Poder público

Insegurança na Rua do Lazer preocupa MP e empresários em

Postura do poder municipal em relação a revitalização desagrada empresário da região

João Césarpor João César em 3 de julho de 2026
Rua do Lazer
Após denúncias, MP-GO recomendou a implementação de medidas destinadas a reforçar a segurança urbana e a proteção na região - Foto: Divulgação/SET

A Rua do Lazer se tornou um dos principais pontos de movimento cultural e de lazer de Goiânia. Porém, a falta de segurança, a violência e o tráfico impedem uma expansão.

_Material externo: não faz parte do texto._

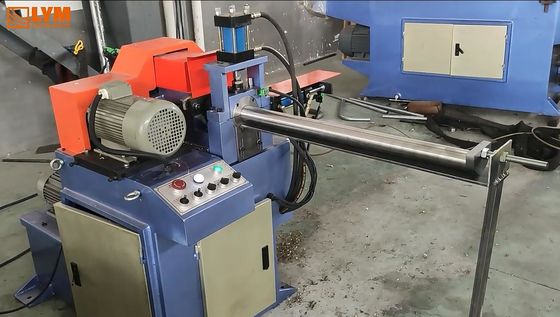 DJ52 Çubuk Sonu Çamıştırma Makinesi Pnömatik Boru Çamıştırma Makinesi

Por conta disso, o Ministério Público de Goiás (MP-GO), por meio da 7ª Promotoria de Justiça de Goiânia, recomendou a implementação de medidas destinadas a reforçar a segurança urbana e a proteção na região.

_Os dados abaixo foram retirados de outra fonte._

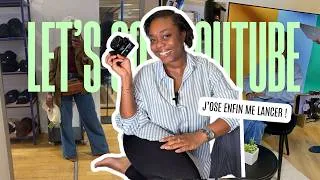 Miniature : J'ose enfin me lancer sur YouTube (et pourquoi maintenant) | Sarah Kelly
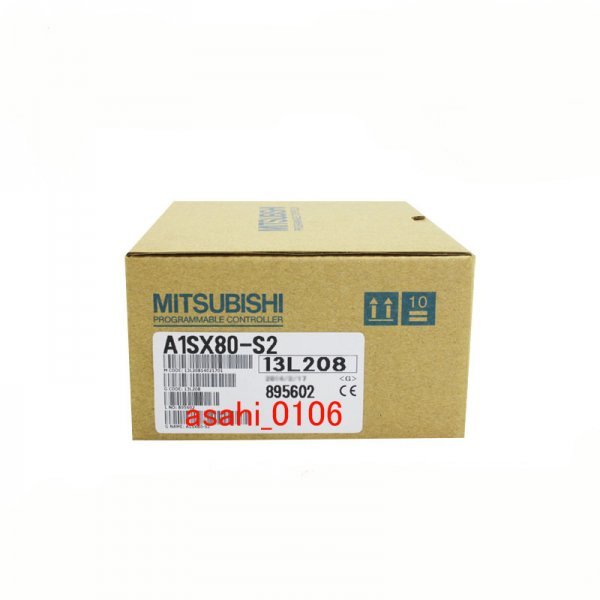 新品 MITSUBISHI/三菱 A1SX80-S2 PLC シーケンサ入力ユニット拍卖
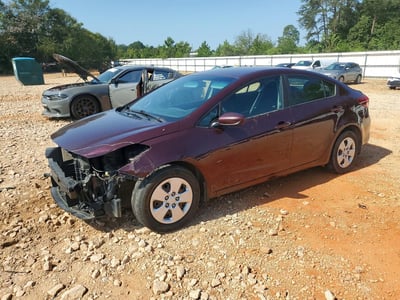 3KPFK4A76JE****** 2018 Kia Forte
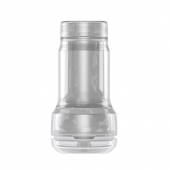 Мастурбатор Feel Pocket Stroker Crystal - Kiiroo - в Северодвинске купить с доставкой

Essa recomendação foi enviada à Prefeitura de Goiânia, à Agência da Guarda Civil Metropolitana de Goiânia (AGCM) e ao Comando do Policiamento da Capital (CPC), para que sejam adotadas medidas urgentes e articuladas voltadas ao fortalecimento da segurança urbana preventiva, do policiamento ostensivo, da presença estatal integrada e da proteção no local.

A medida foi motivada por informações encaminhadas ao Ministério Público que relatam aumento da violência na região, com ocorrências de tráfico de drogas, comercialização de produtos supostamente furtados ou roubados, utilização de barricadas para dificultar a ação policial, episódios de esfaqueamento, possível aliciamento de crianças e adolescentes para atividades ilícitas e crescente sensação de insegurança entre comerciantes e frequentadores.

Além disso, o MP-GO também pediu que as iniciativas de revitalização do Centro de Goiânia sejam integradas a políticas contínuas de segurança e de salvaguarda do patrimônio cultural.

As entidades que receberam a recomendação deverão encaminhar à Promotoria de Justiça, em até 20 dias úteis, um relatório com as providências adotadas, incluindo as ações realizadas, as equipes envolvidas, as ocorrências registradas, as medidas de segurança implementadas e os documentos comprobatórios.

A promotora de Justiça destaca, na recomendação, que a preservação da Rua do Lazer, reconhecida como patrimônio cultural imaterial do município pela Lei Municipal nº 11.614/2026, depende não apenas da conservação do espaço físico, mas também da garantia de condições para sua utilização segura como espaço de convivência, cultura, lazer e desenvolvimento das atividades econômicas da região.

Comerciantes criticam narrativa de revitalização

Um ponto destacado por Áureo Rosa, proprietário dos bares Zé Latinhas e Maria Garrafinhas, é a apropriação dos esforços dos comerciantes por parte do poder municipal. O empresário afirma que a retomada da Rua do Lazer, que hoje conta com cerca de 15 bares nas imediações, é fruto da iniciativa privada.

“A prefeitura vem vendendo essa ideia de revitalização, de que ela fez esse movimento. Esse movimento não foi feito pela prefeitura, é um movimento privado dos bares”, afirma o empresário.

Apesar de dezenas de reuniões realizadas com secretários municipais, Áureo aponta que demandas básicas e específicas dos comerciantes são ignoradas há mais de um ano.

“A prefeitura usa isso como slogan, faz publicação no Instagram falando ‘estamos revitalizando o centro’, mas eles não fizeram nada pela gente até agora”, desabafa.

O empresário ainda relata que, quando os comerciantes denunciam os problemas à imprensa, a Prefeitura realiza fiscalizações direcionadas aos bares, e não voltadas para solucionar os problemas da região.

Ausência do poder público

Para Áureo Rosa, a escalada da violência e da sensação de insegurança são, na verdade, reflexos do abandono por parte da gestão municipal. Segundo o empresário, o problema começou com a ausência de ordenamento urbano e a falta de presença da Prefeitura.

Na visão de Áureo, o local foi tomado por um “comércio ilegal e informal muito forte”, que inclui desde a venda de bebidas adulteradas por adolescentes até a atuação do tráfico de drogas. Essa situação, somada à falta de ação do poder público, cria um ambiente propício para a criminalidade.

“Os atores que estão promovendo a violência […] se sentem livres justamente porque sabem que é um local seguro, entre aspas, porque o poder público não vai aparecer, não vai ter um policiamento preventivo”, comentou.

Para garantir o uso seguro do espaço, o comerciante defende uma atuação conjunta entre a Prefeitura e o Governo do Estado, envolvendo não apenas a segurança pública, mas também as secretarias de Cultura e de Urbanismo.